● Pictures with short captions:

*** Block opens ***

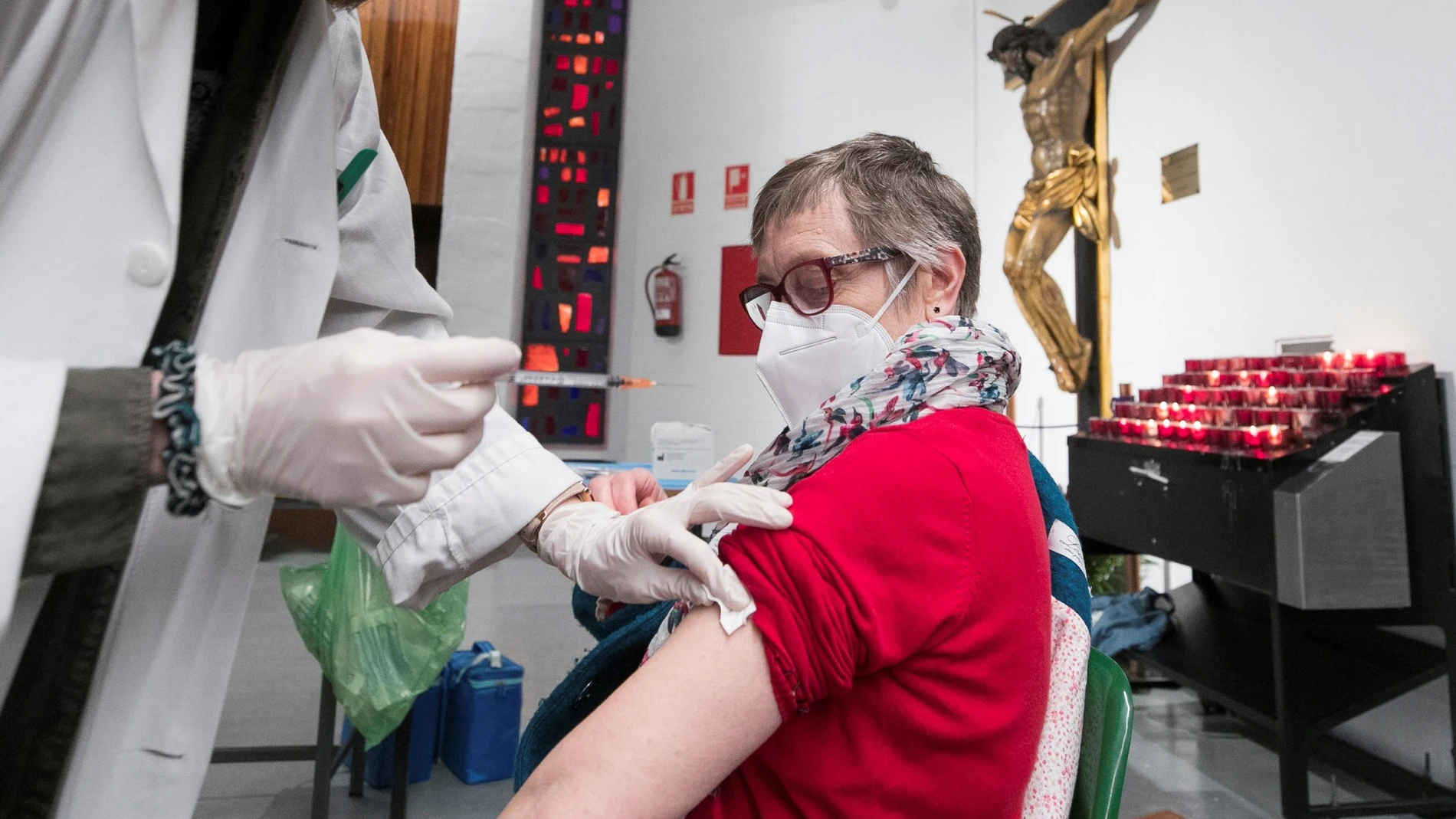 Una mujer recibe una dosis de la vacuna de AstraZeneca en una iglesia zaragozana donde, este lunes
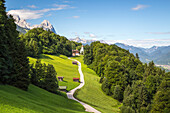 Wamberg village with Mount Zugspitze and Waxenstein on the background, Garmisch Partenkirchen, Bayern, Germany.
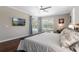 Spacious main bedroom features hardwood floors, a ceiling fan, and sliding glass door to enjoy the view at 504 Sonata Ct, Winter Springs, FL 32708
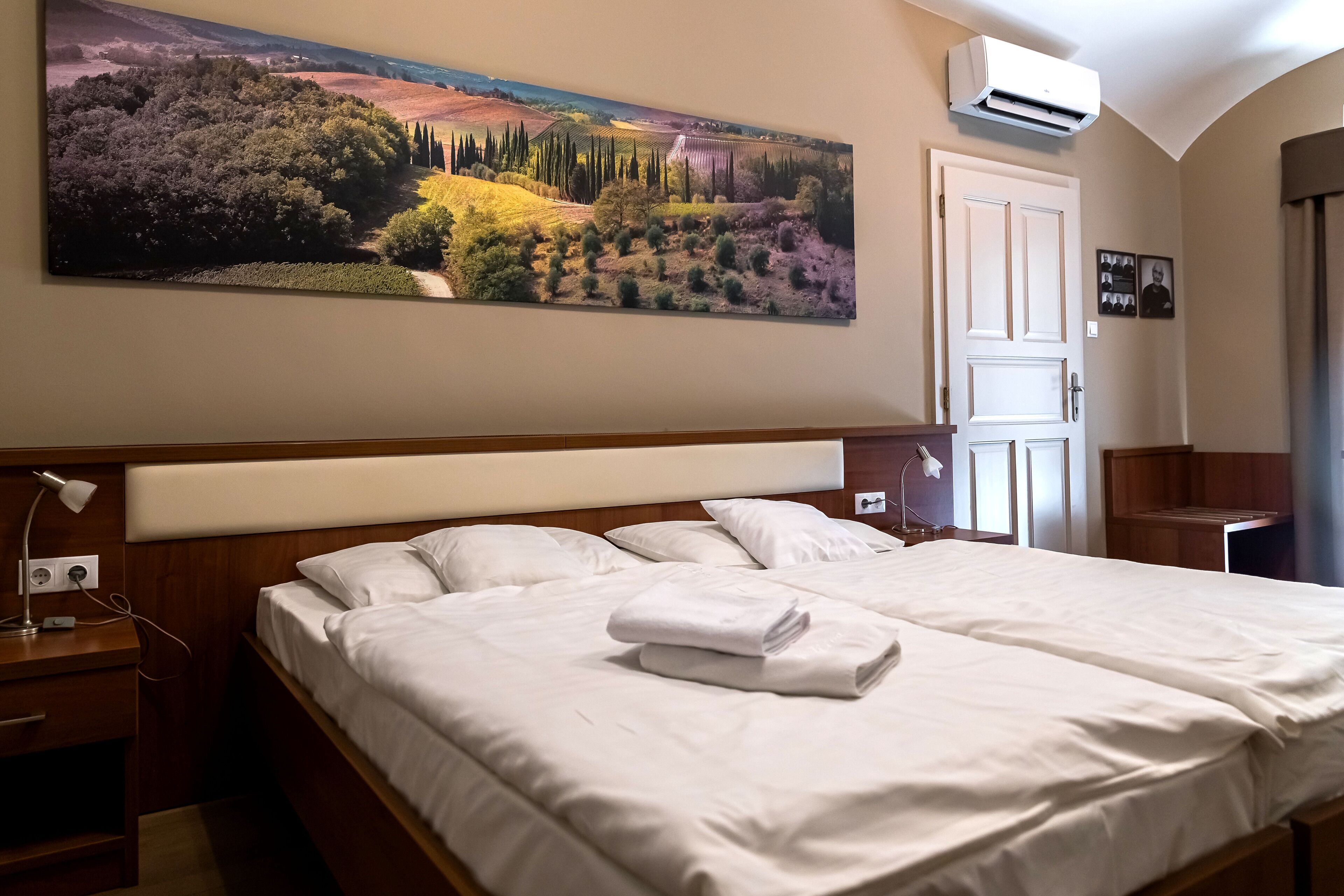 A hotel room with a large landscape painting, a double bed, a bedside table with a lamp, and an air conditioning unit on the wall.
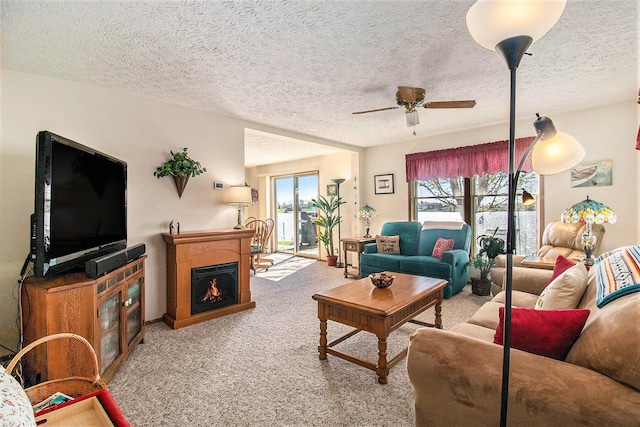 carpeted living room with plenty of natural light, a textured ceiling, ceiling fan, and a warm lit fireplace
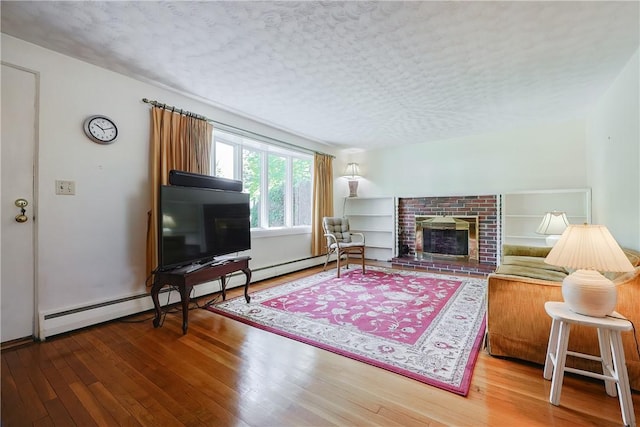 living room with a baseboard radiator, a brick fireplace, and hardwood / wood-style flooring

*** Block closes ***

Give again, exactly, the lines from the start of the data through the one holding "Spacious main bedroom"; omit the pictures.

● Result:
 Una mujer recibe una dosis de la vacuna de AstraZeneca en una iglesia zaragozana donde, este lunes
 Wamberg village with Mount Zugspitze and Waxenstein on the background, Garmisch Partenkirchen, Bayern, Germany.
 Spacious main bedroom features hardwood floors, a ceiling fan, and sliding glass door to enjoy the view at 504 Sonata Ct, Winter Springs, FL 32708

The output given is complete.